**Your goal**.
Below is some data. Retype exactly the lines starting at the one with "Kamer, 1 queensize" and ending at the one with "En Rez-de-chaussee - Terrasse".

**The input**.

"""

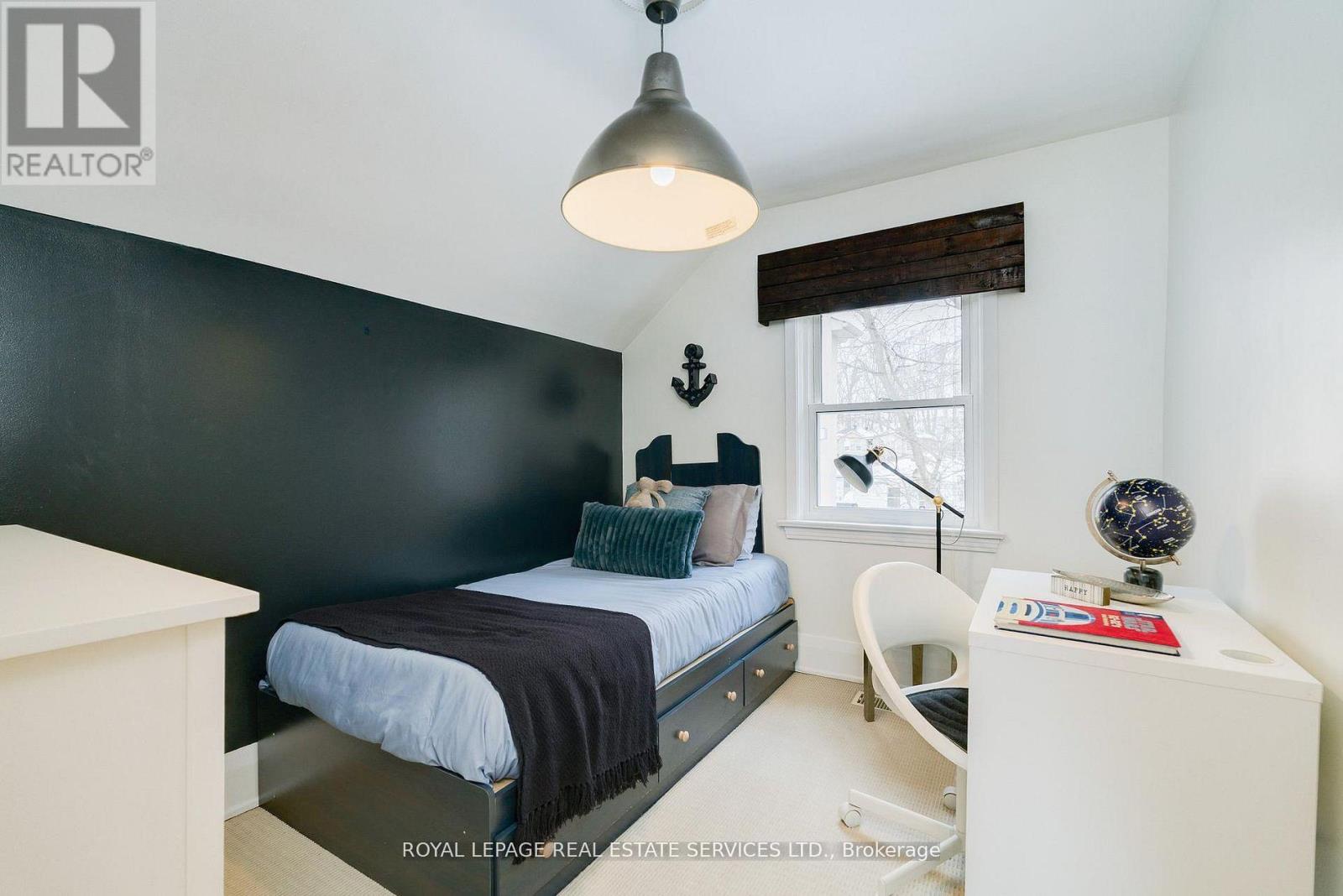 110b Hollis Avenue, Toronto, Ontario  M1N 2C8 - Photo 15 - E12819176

"""
"""

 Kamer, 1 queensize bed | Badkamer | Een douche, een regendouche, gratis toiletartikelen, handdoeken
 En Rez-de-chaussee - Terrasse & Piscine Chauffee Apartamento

"""

**Task answer**.
 Kamer, 1 queensize bed | Badkamer | Een douche, een regendouche, gratis toiletartikelen, handdoeken
 En Rez-de-chaussee - Terrasse & Piscine Chauffee Apartamento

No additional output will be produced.